この著者の頭の中は李氏朝鮮からいきなり、大東亜戦争後に飛んでしまうのです。
以下引用
「山が低い広闊な平地を流れる幅の広い平衡川を管理するには、一地方の農民を集中動員させるだけで解決できる問題ではない。韓国においてこのような大土木工事が一応閑静されたのは、つい最近10年ほどのことであり、それまでほとんどの韓国農土はその歴史を通じて、自然のなすままに放置されていたといって過言ではない。
略)
朝鮮時代の中央集権性では、王と農民のあいだには、牧民官なる徴税人がいたにすぎない。
略)
 牧民官の関心はつねに租税の徴集にあり、その税源を、治水事業や農地の整理など発展的な方向に拡大させる努力をするなどのことはありえなかった」

(同P84より)

 期待を裏切らないというかもう絶句しかありませんが、この金容雲という日本生まれの朝鮮人の数学者である著者は、自分でこの本を書いている時に、原始的農業をやっていた李氏朝鮮の時代からいきなり大東亜戦争後に近代農業に変わった事をおかしいと思わないのでしょうか。
まあ、ソウル大学とは大東亜戦争後の1946年に膨大な蔵書とりっぱな建物とともに突然できた新設大学であるという歴史を持っているそうで、あの我が国6番目の帝国大学として1924年に作られたはずの京城帝国大学は、1945年の敗戦とともに消え失せてしまったという朝鮮の人たちにとっては当たり前の事であり、なんら不思議な事ではないのでしょう。
ちなみに、台湾大学の設立母体は1928年に作られた台北帝国大学とちゃんと大学のホームページに創立の経過が書いてあるそうです。
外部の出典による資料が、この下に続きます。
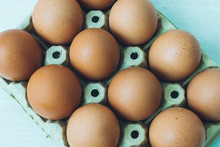 A Dozen Of Brown Eggs From Happy Hens In An Egg Carton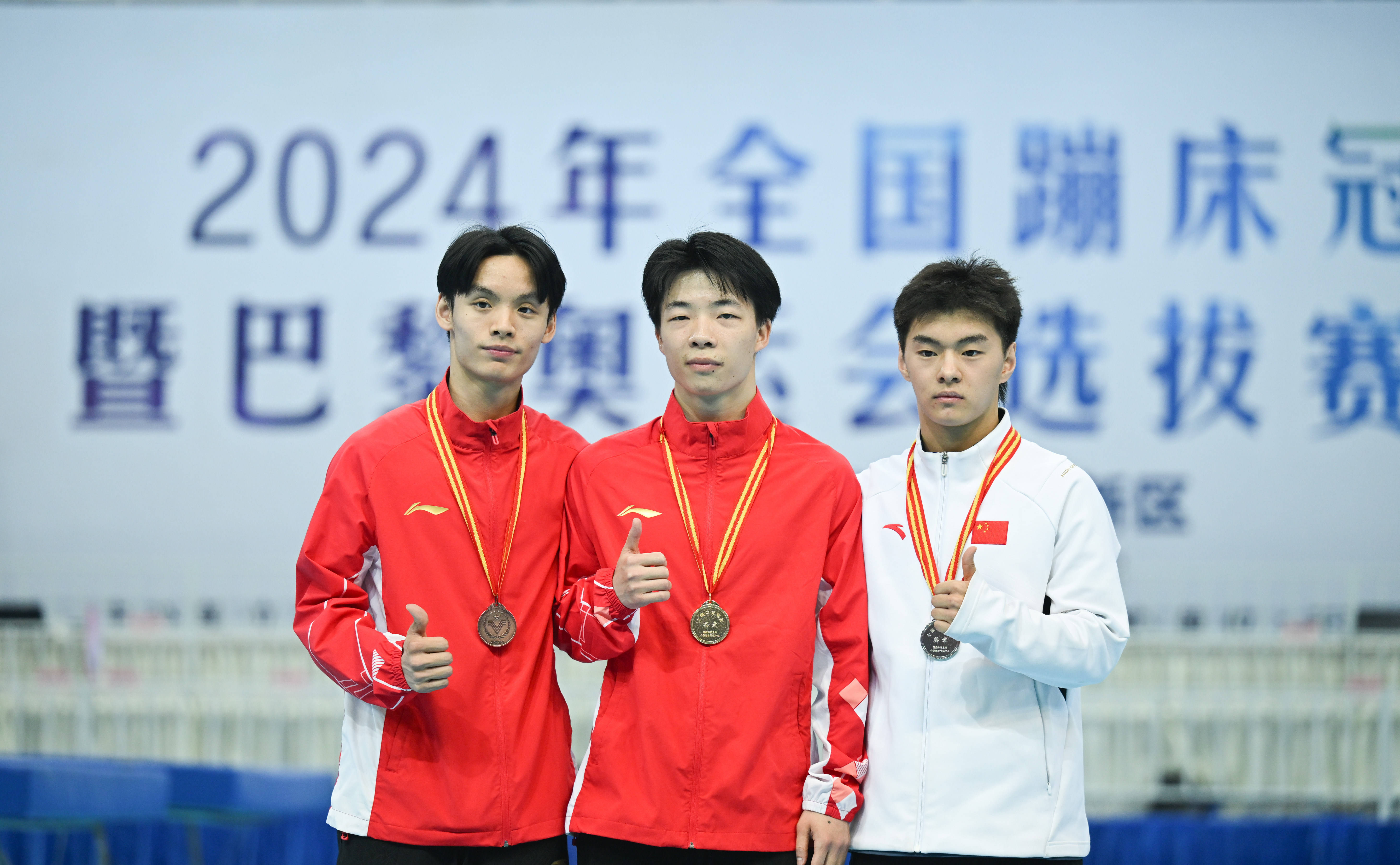 日,冠军湖南高速蹦床队选手严浪宇(中),亚军江苏蹦床队选手王梓赛(右)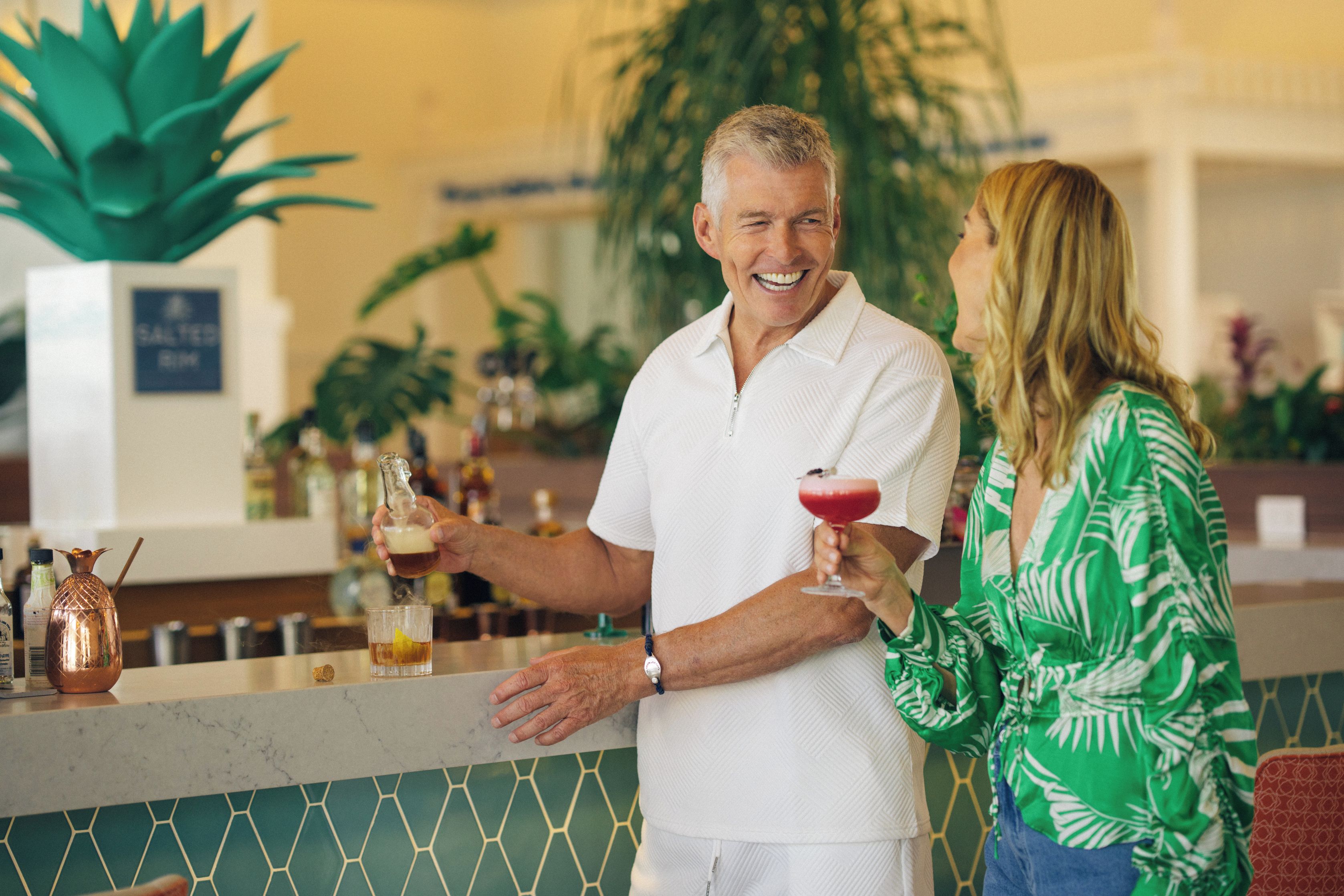 Un homme et une femme sont assis au bar, devant une carafe en cuivre et un verre contenant une boisson rouge.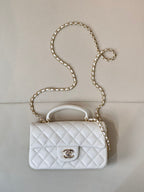 Chanel quilted white mini handbag with chain strap and flap front logo clasp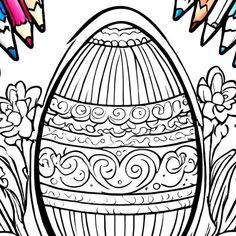 an easter egg with some crayons around it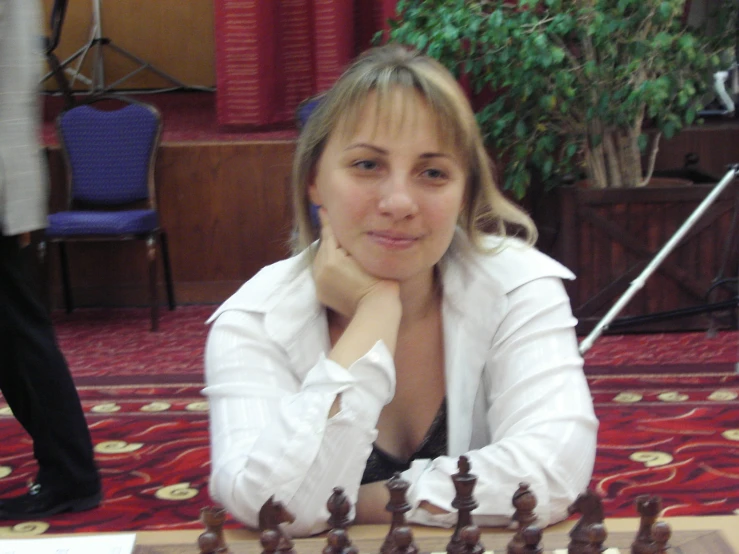 a beautiful woman sitting at a table with a chess board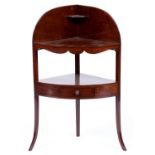 A George III mahogany corner washstand, 106cm h Re-polished, basin aperture filled with a piece of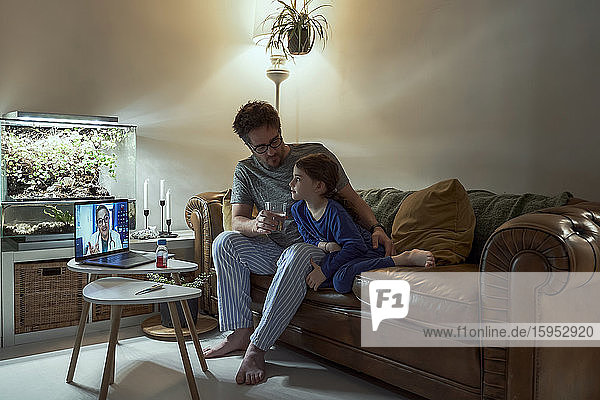 Arzt per Videoanruf mit krankem Mädchen und ihrem Vater über Laptop zu Hause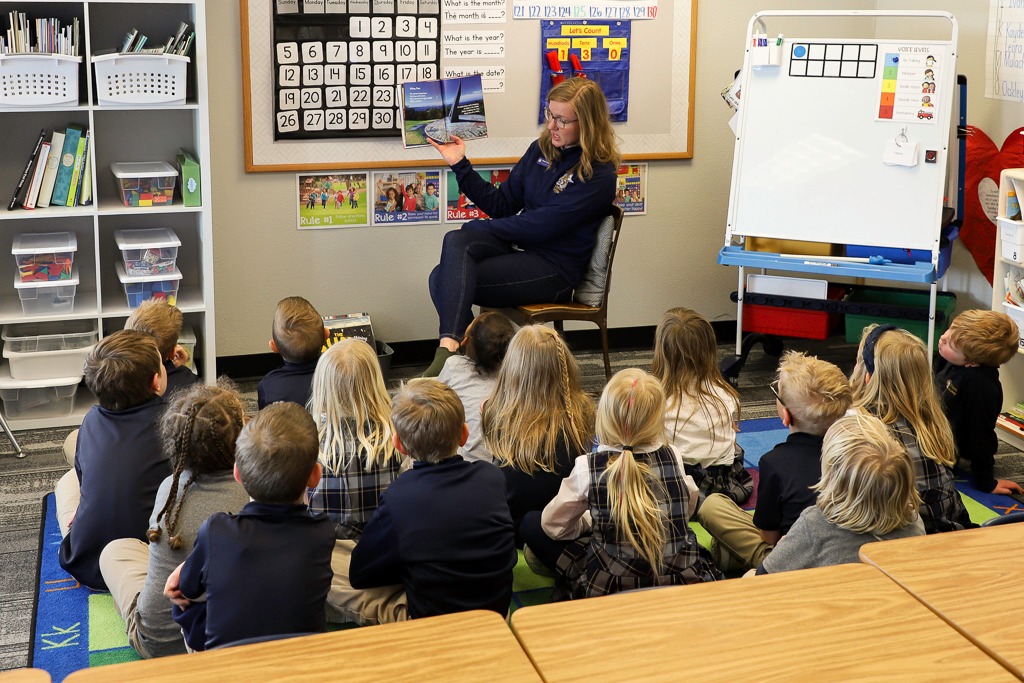 Mrs. Malingen reading to her students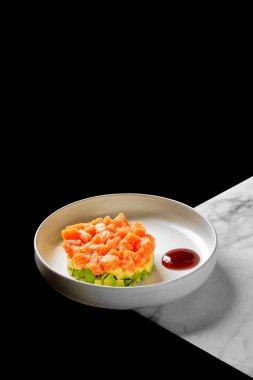 Sos eşliğinde beyaz bir tabakta servis edilen doğranmış avokado ile sunulmuş güzel bir somon tartare, siyah ve mermer bir zemin üzerine kurulmuş, modern bir estetik yaratıyor.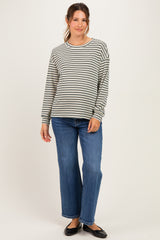 woman wearing a gray and white striped maternity top with long sleeves and blue wide-leg jeans, showing her baby bump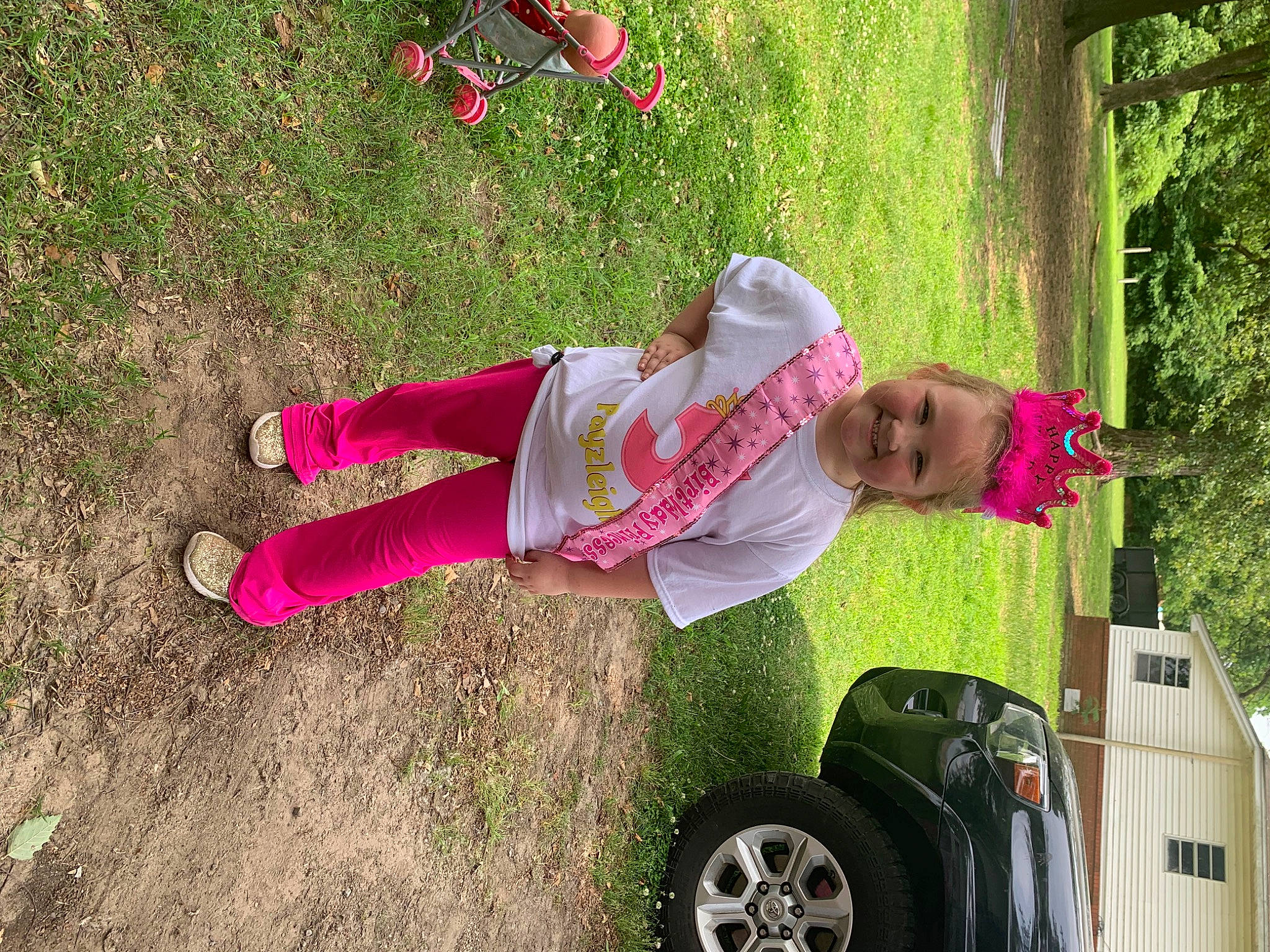 Payzleigh is registered to the contest to win money with this photo: automotive_exterior, automotive_tire, car, fender, fun, grass, joy, leisure, motor_vehicle, people_in_nature, person, photograph, pink, plant, smile, sneakers, tire, tread, tree, vehicle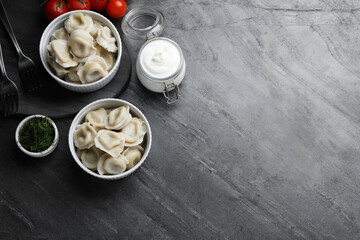 Tasty dumplings in bowls served on grey table, flat lay. Space for text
 この金容雲氏というひとの著書も先の柳在順氏の著書と同じく突っ込み所満載ですので、後日にネタとして書かせていただきます。

土地調査事業

李朝時代の土地制度

米の収奪のウソ

朝鮮の餓死者と強盗数の変化

我が国の朝鮮統治と小作農家

南朝鮮の土地測量事業とウソ

朝鮮における土地政策(農地改良)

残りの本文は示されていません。